EU ambassadors mull raising the bar on biofuels

(AP)

Published
By Reuters
 

European Union member states will discuss ways to prevent harmful consequences from biofuel production later on Wednesday, including a two-phase approach to carbon dioxide savings.

The green credentials of biofuels have come under attack in recent months over fears that they compete for farming land and push up food prices around the world.

In Europe, proposals by the European Commission to source 10 per cent of road transport fuels from renewable sources like crops and biomass by 2020 have been called into question.

Faced with growing unease, EU countries and the Commission - the EU executive – have set up a working group to tighten the criteria ensuring biofuel production does not cause social or environmental harm.
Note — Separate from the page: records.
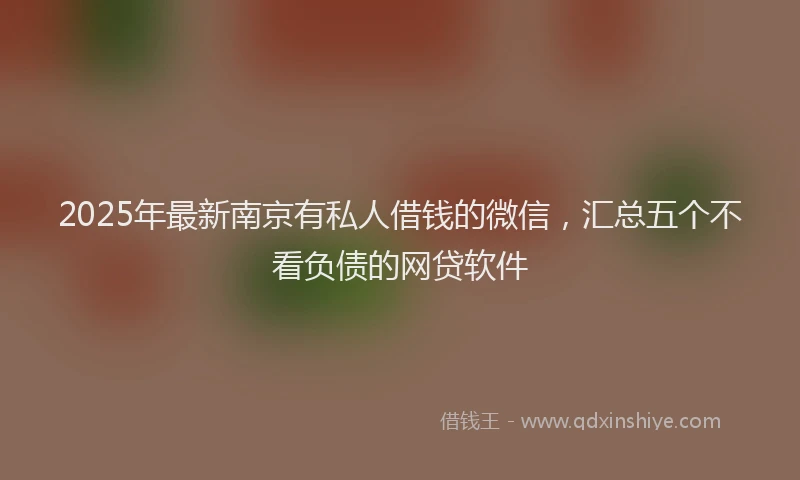 2025年最新南京有私人借钱的微信，汇总五个不看负债的网贷软件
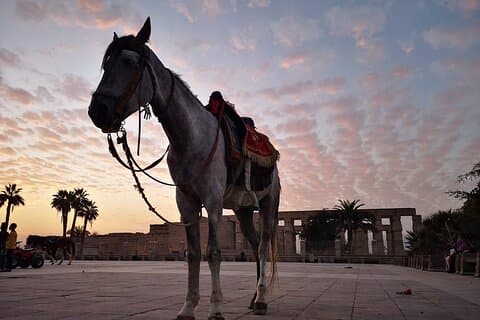 Gita di un giorno intero a Luxor in aereo dal Cairo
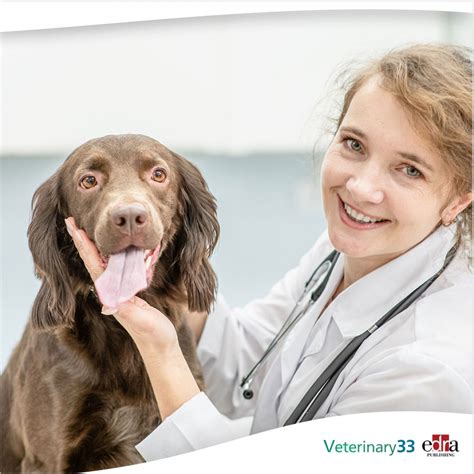AVMA report: starting salaries up, debt down for new veterinarians | Veterinary 33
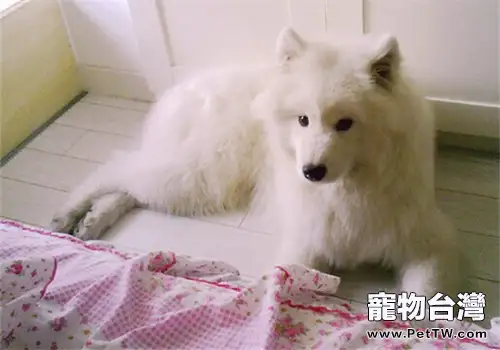 狗狗對聲音敏感怎麼辦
The standards include a stipulation that biofuels represent a 35 per cent carbon dioxide saving compared with oil, addressing concerns that some sources like US maize generate nearly as much CO2 during production as the fossil fuels they replace.

Ambassadors will meet in Brussels later on Wednesday to discuss a report by that working group and will focus on deciding a goal for CO2 savings, starting at 35 per cent and raising the standard at a later date.

"There is agreement on the presidency suggestion of a two-step approach to CO2 savings," said an official from the current Slovenian presidency of the EU. The percentage and timing of the second step had not yet been decided, EU sources added.

Ambassadors will discuss environmental standards for biofuels production and whether to try to police social conditions and labour rights in biofuel-producing countries.

Discussions in the EU working group have included the possibility of demanding that biofuel producers meet with International Labour Organisation standards, EU sources said, but such measures are not universally accepted.

"It is worth asking if social conditions tied to biofuel exports make sense," EU trade commissioner Peter Mandelson wrote in an article last week. "Why should we suggest there is an obligation on producers who export sugar cane biofuel, but not on those who export plain sugar cane?"